65. 柩舟やゆくもかへるも流れつつ
流れる句である。
『眞神』の彼の世この世を行きつつ戻りつ浮遊している敏雄の視点。それは俳句形式を模索しているような着地点のない世界を思う。行き場のない遺体を乗せた柩舟が彷徨う。敏雄自身が苦しんでいるようにも思える。
柩舟が何処へ行くのか、そして何処へ帰るのか。三途の河を誰しも想像するだろう。鎮魂の句としていると読める。
戦争で死んでいった多くの犠牲者の命のことを想う。
戦中派の世代を知るため敏雄よりも二つ若い小野田寛郎少尉がルバング島で発見され、全国からの見舞に対するお礼の手紙の文面を紹介する。
拝啓
御健勝の御事喜ばしく存じます。
私 帰還に際してはわざわざ御親切なお祝のお便りを頂き誠に有りがたく存じて居ります。今日、生きて日本に帰り得たことはひとえに亡くなられた戦友のお蔭と国民皆様の努力の賜で何とお礼を申し上げてよいものか言葉もなき次第でございます。
帰られぬ戦友、帰り得た私、その運命の非情さを考えれば帰還の喜びは一瞬に失せ、思いは再び戦場に還ってしまいます。全く相済まぬ事をいたしました。肉親の皆様方に深くお詫びいたしお叱りを受けて、そのお赦しを願わねばなりません。
肉親の皆様は終戦後の毎日をさぞおつらくお苦しく続けられたことでしょう。よくお耐え下さいました。
男一匹の私らとは比べものにならない年月をお送りなされたことでございましょう。よく生き貫いて下さいました。

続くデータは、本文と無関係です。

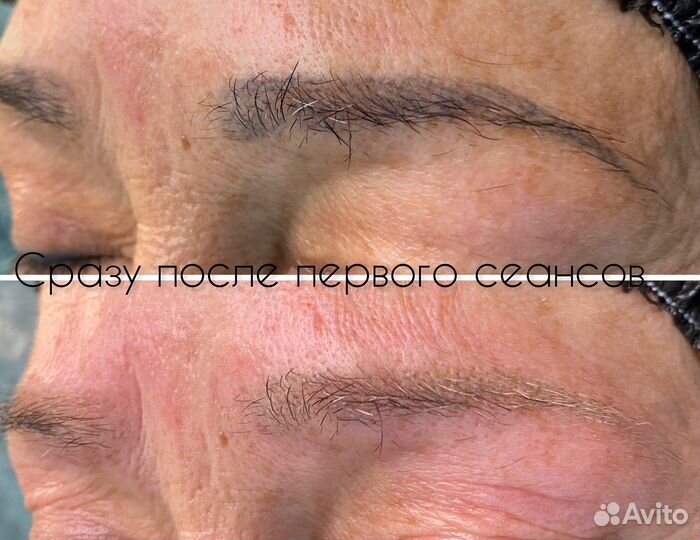 Лазерное удаление татуажа/тату. Карбоновый пилинг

今、御遺族の貴方様から御慰め頂きましたがこれは全く逆でございます。お慰め申し上げなければならぬのはこの私でございます。何と申し上げても申し上げきれないのはこの私でございます。本当に申し訳ございません。私の今日が祝福されればされる程、私はますます御詫び申し上げなければならないのです。お願いでございます。私の心をお察し下さってお赦し頂きとうございます。

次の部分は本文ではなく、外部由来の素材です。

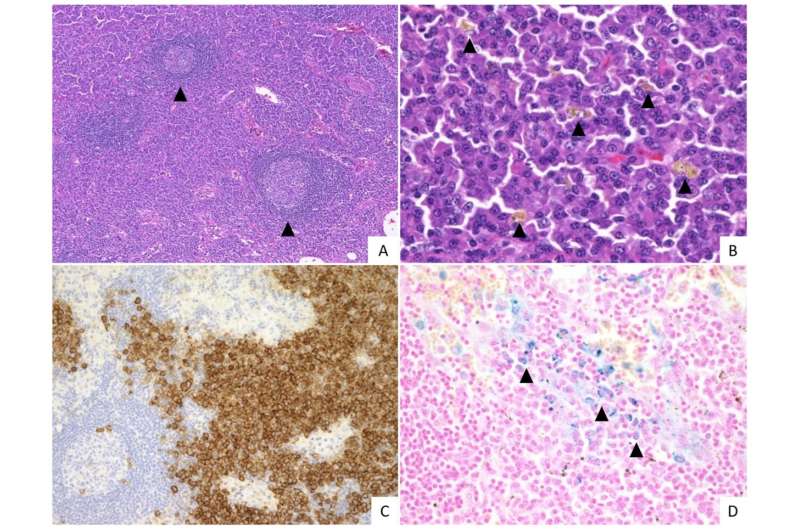 Scientists define independent subtype of idiopathic multicentric Castleman disease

お互いに死を誓って戦場に出たとは申せあくまでも死は死、生は生でございます。亡くなられた方は再び生きてかえらず、生き帰ったものは全く倖せなのです。戦争の悲劇、全く言い様のない気持です。今迄生き貫かれた貴方様、尚も強く生き通して下さい。それが私にとって最もうれしくお祝の言葉、お慰めの贈りものでございます。
私の社会復帰について御心配を頂きますがそんなことは第二第三の問題です。私の第一は遺族の皆様のお赦しを頂くことです。どうぞ御健康に御多幸に一日も早く遺族の苦しみ悲しみから抜け出して下さい。それで私は心から解放されるのでございます。右御詫びかたがた御礼まで。
昭和49年5月
海南市 小野田 寛郎
昭和四九年三月にルバング島から帰国し、その二か月後の心情が表れている。タラップを降りる小野田さんの姿に釘づけになり、正に、日本の戦後をリアルに見た瞬間だった。『眞神』の上梓は、同じ年、昭和四九年十月。日本は戦後景気になっていたが、解除命令を待っていた兵士がいたのである。

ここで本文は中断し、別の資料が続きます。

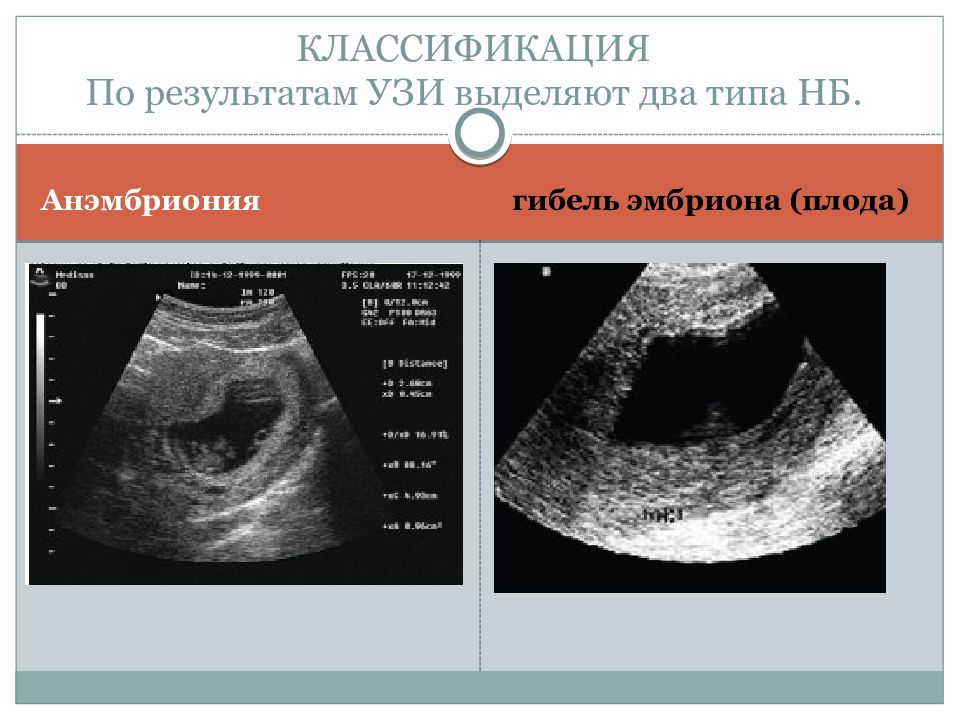 Ранний узи. Неразвивающаяся беременность УЗИ. УЗИ неразвивающейся беременности 6 недель. УЗИ при неразвивающейся беременности на ранних сроках. Замершая беременность по типу анэмбрионии.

戦争という時代に流され、多くの御霊を見送り、生きていかなければならない敏雄の世代。生きて帰ってきたことに対するやるせなさを思う。
「柩舟」は、時代に流された敏雄世代の魂を乗せているように読めるのである。
66. 海ながれ流れて海のあめんぼう
流れる句二句目。ここでもリフレインである。
俳句が言葉遊びの詩歌であることを思う。
「流れて」の字面通りに流れるように読める。意味上では、上五「海ながれ」で切れているのだろう。「流れて海のあめんぼう」になった対象が意味上であると読める。「流れて海のあめんぼう」になったという図式。流されたのは人なのかと想像する。
アメンボ(水黽、水馬、飴坊)は、カメムシ目(半翅目)・カメムシ亜目(異翅亜目)に分類される昆虫のうち、長い脚を持ち、水上生活をするものの総称である。よって、練習船の事務局長として永く水上生活を送っていた敏雄本人のことかとも想像できる。
人は、時代、運命に流され、六本足で踏ん張っている、あめんぼうなのである。